Yesterday, Barack Obama repeated his threat to veto the defense authorization bill if it contains money to buy more F-22 fighter jets. He’s absolutely right. I hope he prevails over the various Senators who are trying to put the money back in. For one thing, it’s not clear that our biggest need right now is for an even niftier fighter plane, as opposed to something that might come in handy in, say, Afghanistan. For another, the F-22 has a lot of problems. This Washington Post article is worth reading in its entirety. A few bits:

“The United States’ top fighter jet, the Lockheed Martin F-22, has recently required more than 30 hours of maintenance for every hour in the skies, pushing its hourly cost of flying to more than $44,000, a far higher figure than for the warplane it replaces, confidential Pentagon test results show. (…)

“It is a disgrace that you can fly a plane [an average of] only 1.7 hours before it gets a critical failure” that jeopardizes success of the aircraft’s mission, said a Defense Department critic of the plane who is not authorized to speak on the record. Other skeptics inside the Pentagon note that the planes, designed 30 years ago to combat a Cold War adversary, have cost an average of $350 million apiece and say they are not a priority in the age of small wars and terrorist threats. (…)

There have been other legal complications. In late 2005, Boeing learned of defects in titanium booms connecting the wings to the plane, which the company, in a subsequent lawsuit against its supplier, said posed the risk of “catastrophic loss of the aircraft.” But rather than shut down the production line — an act that would have incurred large Air Force penalties — Boeing reached an accord with the Air Force to resolve the problem through increased inspections over the life of the fleet, with expenses to be mostly paid by the Air Force.

Sprey said engineers who worked on it told him that because of Lockheed’s use of hundreds of subcontractors, quality control was so poor that workers had to create a “shim line” at the Georgia plant where they retooled badly designed or poorly manufactured components. “Each plane wound up with all these hand-fitted parts that caused huge fits in maintenance,” he said. “They were not interchangeable.”

Polidore confirmed that some early parts required modifications but denied that such a shim line existed and said “our supplier base is the best in the industry.”

The plane’s million-dollar radar-absorbing canopy has also caused problems, with a stuck hatch imprisoning a pilot for hours in 2006 and engineers unable to extend the canopy’s lifespan beyond about 18 months of flying time.
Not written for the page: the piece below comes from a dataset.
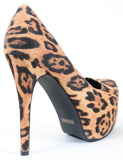 Leopard Classic Vegan Stilleto Hidden Platform Pumps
It delaminates, “loses its strength and finish,” said an official privy to Air Force data. (…)

There has been some gradual progress. At the plane’s first operational flight test in September 2004, it fully met two of 22 key requirements and had a total of 351 deficiencies; in 2006, it fully met five; in 2008, when squadrons were deployed at six U.S. bases, it fully met seven.

“It flunked on suitability measures — availability, reliability, and maintenance,” said Christie about the first of those tests. “There was no consequence. It did not faze anybody who was in the decision loop” for approving the plane’s full production. This outcome was hardly unique, Christie adds. During his tenure in the job from 2001 to 2005, “16 or 17 major weapons systems flunked” during initial operational tests, and “not one was stopped as a result.””

One of the problems with its high-tech skin is “vulnerability to rain”. Perhaps we’re only planning to use it in rain-free environments.

Think about this, though. Here we have a plane that suffers from huge problems, is incredibly expensive, and meets only seven of its 22 “key requirements”. It was designed for the Cold War, which is over. An Air Force Major is quoted in the article as saying that “it is one of the easiest planes to fly, from the pilot’s perspective”, but I’d imagine that ease might be outweighed by being imprisoned inside it, or having the boom give way and suffering “catastrophic loss of the aircraft”, or any of the other “critical failures” that occur once every 1.7 hours of flying time.

And yet, at a time when we need to save money, somehow Senators from some of the many, many states in which Lockheed-Martin’s suppliers are located cannot be persuaded to cancel it.

We need jobs. But there are many, many more efficient ways to produce them, and many investments that we genuinely need to make. This is not one of them.